The Family at Misrule
- Author: Ethel Turner
- Language: English
- Genre: Fiction
- Publisher: Ward, Lock & Co.
- Publication date: 25 October 1895
- Publication place: Australia
- Media type: Print
- Pages: 282 pp
- Preceded by: Seven Little Australians
- Followed by: Story of a Baby

= The Family at Misrule =

Novel by Australian writer Ethel Turner

The Family at Misrule (1895) is a novel for children by Australian writer Ethel Turner. It is a sequel to the author's 1894 novel Seven Little Australians. The novel was originally published in the UK by Ward, Lock & Co. in 1895.

==Abstract==
Five years on from the events of Seven Little Australians and Bunty runs off, accused of theft. His family believes he has headed for America but he stays around Sydney where he is later recognised by a sister and returned to the family fold. Nellie attends a dinner party and returns with scarlet fever.

==Publishing history==
Following the book's initial publication by Ward, Lock & Co. in 1895 it was subsequently reprinted five times by the same publisher between 1895 and 1900 and then re-published as follows:

- David McKay, 1910, USA
- Ward, Lock & Co., 1949, UK
- Angus and Robertson, 1989, Australia

along with various paperback editions.

==Critical reception==
A reviewer writing in Table Talk noted of the novel: "This work will add considerably to Miss Turner's well deserved and widely growing reputation and will gain for her a large circle of sympathetic readers who are ready at all times to welcome a writer whose style is simple and natural and free from the unhealthy tone pervading modern introspective and
problematical fiction...Descriptive power, humour and pathos are the three chief characteristics of Miss Turner's writing, and extracts innumerable might be quoted in illustration of each quality."

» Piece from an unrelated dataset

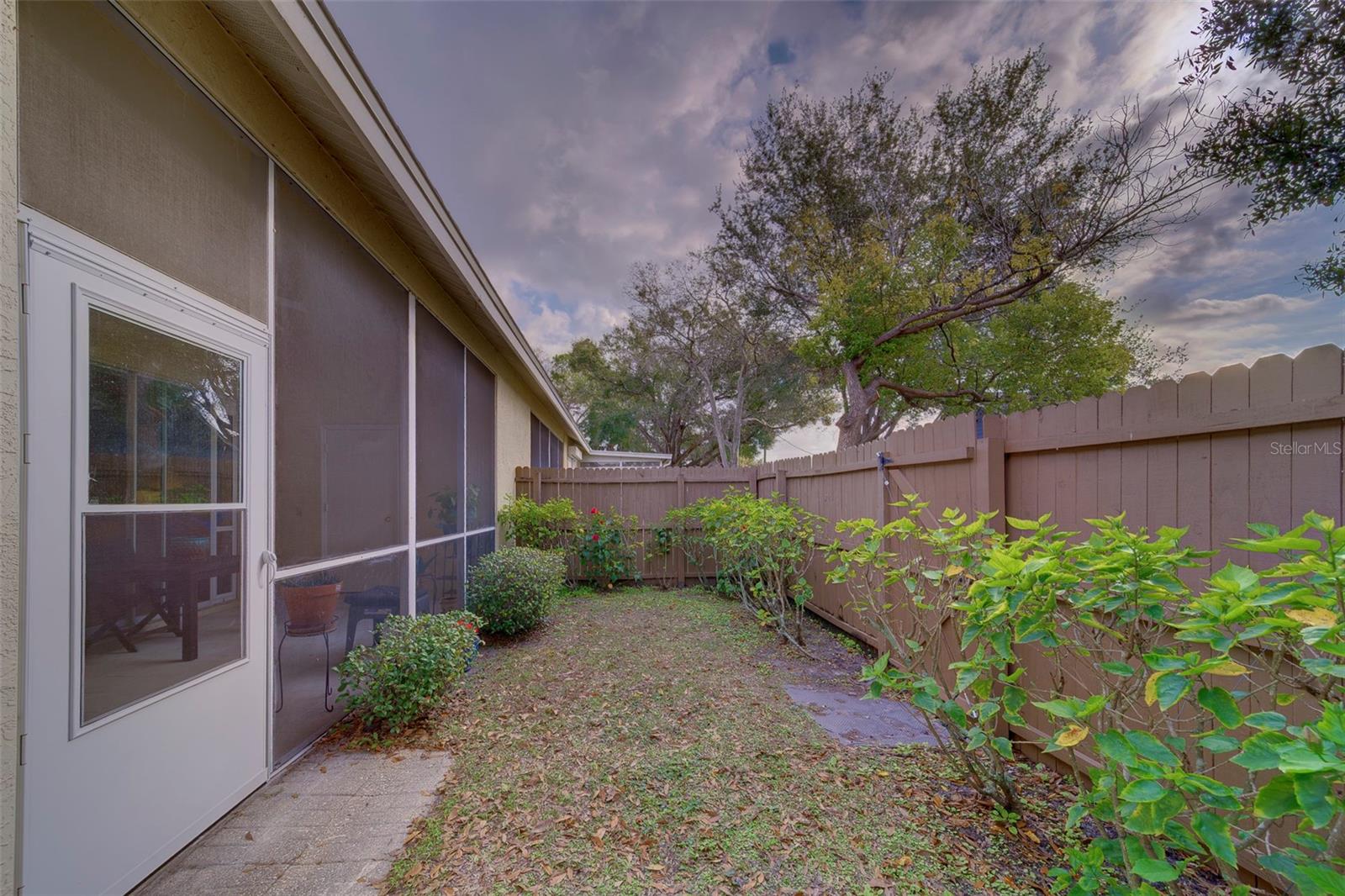 WILLOW GREENS - Residential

A reviewer in The Sydney Morning Herald wrote that while the novel was rather restricted by being a sequel: "The Family at Misrule is a story without preachiness, but healthy throughout, and the few discordant notes will not be noticed by the circle of young readers who will be not its only, but perhaps its most loyal, audience."

==Notes==
- A writer in The Traralgon Record in 1895 noted that the original proposed title for the book was Growing Up, but as this was already in use the new title of The Family at Misrule was chosen instead.
- A column in The Australian Town and Country Journal in 1896 states that the book, along with the author's earlier Seven Little Australians had been translated into Dutch, but no record of this edition has yet been discovered.